EXERCISE AIM: Go to the line containing "iMac Apple plateado 21,5 pulgadas" below; retype it and all following lines exactly, and leave out the pictures.

GIVEN DATA:
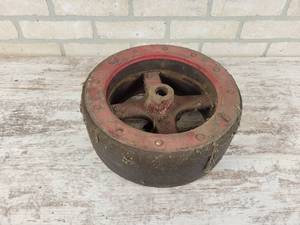 lot 299 image: Antique IH WoodSteel Tractor Pulley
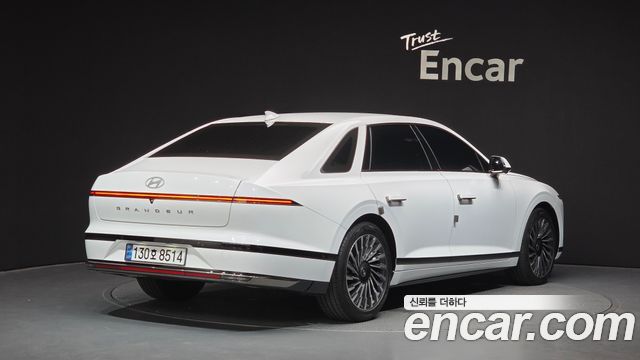 Hyundai Grandeur GN7, гибрид Calligraphy - фото 1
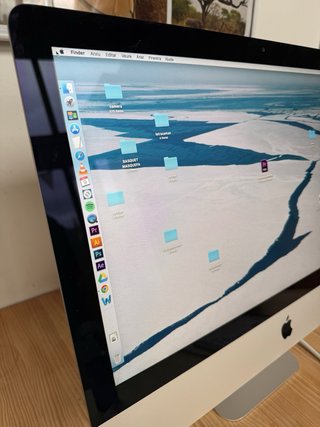 iMac Apple plateado 21,5 pulgadas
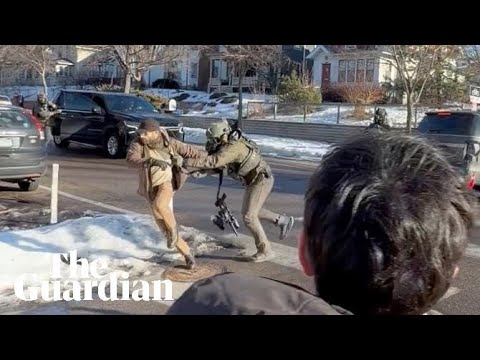 Federal officers clash with Alex Pretti 11 days before his killing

REPLY:
 iMac Apple plateado 21,5 pulgadas
 Federal officers clash with Alex Pretti 11 days before his killing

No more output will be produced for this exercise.